Package 'mrgsim.parallel'

Title: Simulate with 'mrgsolve' in Parallel
Description: Simulation from an 'mrgsolve' <https://cran.r-project.org/package=mrgsolve> model using a parallel backend. Input data sets are split (chunked) and simulated in parallel using mclapply() or future_lapply() <https://cran.r-project.org/package=future.apply>.
Authors: Kyle Baron
Maintainer: Kyle Baron <[email protected]>
License: GPL (>=2)
Version: 0.2.0.9002
Built: 2024-11-05 04:43:18 UTC
Source: https://github.com/kylebaron/mrgsim.parallel

Help Index


Multicore lapply in the background

Description

Multicore lapply in the background

Usage

bg_mclapply(X, FUN, mc.cores = 1, ..., .wait = TRUE, .seed = NULL)

Arguments

X

A list.

FUN

The function to be applied to each element of X.

mc.cores

Passed to parallel::mclapply().

...

Arguments passed to FUN.

.wait

If FALSE, the function returns immediately; if TRUE, then wait until the background job is finished.

.seed

A numeric value used to set the seed for the simulation; this is the only way to control the random number generation for your simulation.

Value

A list of output data.

Examples

ans <- bg_mclapply(seq(10), sqrt, mc.cores = 2)

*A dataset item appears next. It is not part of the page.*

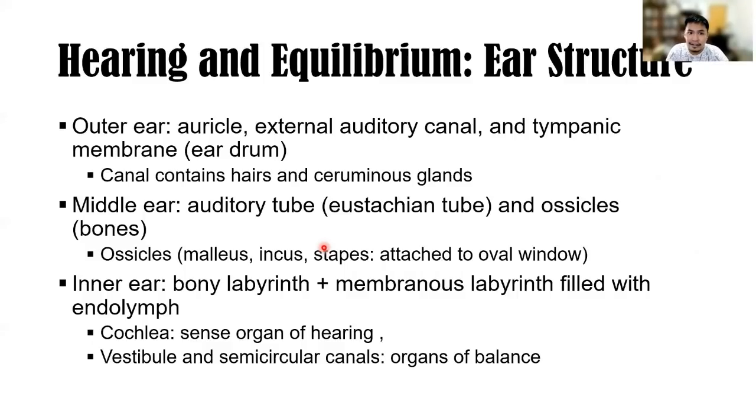Hearing and equilibrium — ear structure. The outer ear is composed of the auricle — like a funnel that directs sound waves into the external auditory canal — and the tympanic membrane (eardrum). The canal contains hairs and ceruminous glands. The middle ear is also called the auditory cavity and contains the auditory tube (Eustachian tube) and ossicles — the small bones: malleus, incus, and stapes. The base of the stapes attaches to the oval window, which is part of the inner ear.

Run mrgsim in the background

Description

This function uses callr::r_bg() to simulate a dataset in the background, optionally in parallel and optionally saving the results directly to disk in fst, arrow or rds format. Parallelization can be mediated by the parallel package on unix or macos or future on any os.

Usage

bg_mrgsim_d(
  mod,
  data,
  nchunk = 1,
  ...,
  .locker = NULL,
  .tag = NULL,
  .format = c("fst", "feather", "parquet", "rds"),
  .wait = TRUE,
  .seed = FALSE,
  .cores = 1,
  .plan = NULL
)

Arguments

mod

A model object.

data

Data set to simulate; see mrgsolve::data_set().

nchunk

Number of chunks in which to split the data set; chunking will be based on the ID column, which is required in data.

...

Arguments passed to mrgsolve::mrgsim().

.locker

A directory for saving simulated data; use this to collect results from several different runs in a single folder.

.tag

A name to use for the current run; results are saved under .tag in .locker folder.

.format

The output format for saving simulations; using format fst will allow saved results to be read with fst::read_fst(); using format arrow will allow saved results to be read with arrow::open_dataset() with format = "feather" or format = "parquet"; note that fst is installed with mrgsim.parallel but arrow may need explicit installation.

.wait

If FALSE, the function returns immediately; if TRUE, then wait until the background job is finished.

.seed

A numeric value used to set the seed for the simulation; this is the only way to control the random number generation for your simulation.

.cores

The number of cores to parallelize across; pass 1 to run the simulation sequentially.

.plan

The name of a future::plan() strategy; if passed, the parallelization will be handled by the future package.

Details

bg_mrgsim_d() returns a processx::process object (follow that link to see a list of methods). You will have to call process$get_result() to retrieve the result. When an output .locker is not specified, simulated data are returned; when an output .locker is specified, the path to the fst file on disk is returned. The fst files should be read with fst::read_fst(). When the results are not saved to .locker, you will get a single data frame when nchunk is 1 or a list of data frames when nchunk is greater than 1. It is safest to call dplyr::bind_rows() or something equivalent on the result if you are expecting data frame.

Value

An r_process object; see callr::r_bg(). Call process$get_resuilt() to get the actual result (see details). If a .locker path is supplied, the simulated data is saved to disk and a list of file names is returned.

See Also

future_mrgsim_d(), internalize_fst(), list_fst(), head_fst(), setup_locker()

Examples

mod <- mrgsolve::house(delta = 24, end = 168)
data <- mrgsolve::expand.ev(
  amt = c(100, 300, 450), 
  ID = 1:100, 
  ii = 24, 
  addl = 6
)
data <- dplyr::mutate(data, dose = amt)
process <- bg_mrgsim_d(
  mod, 
  data, 
  carry_out = "dose", 
  outvars = "CP",
  .wait = TRUE
) 
process$get_result()
 
 
ds <- file.path(tempdir(), "sims")
files <- bg_mrgsim_d(
  mod, data, carry_out = "dose", 
  .wait = TRUE, 
  .locker = ds,
  .format = "fst"
)
files
sims <- internalize_fst(ds)
head(sims)

Chunk a data frame

Description

Use chunk_by_id to split up a data set by the ID column; use chunk_by_row split a data set by rows.

Usage

chunk_by_id(data, nchunk, id_col = "ID", mark = NULL)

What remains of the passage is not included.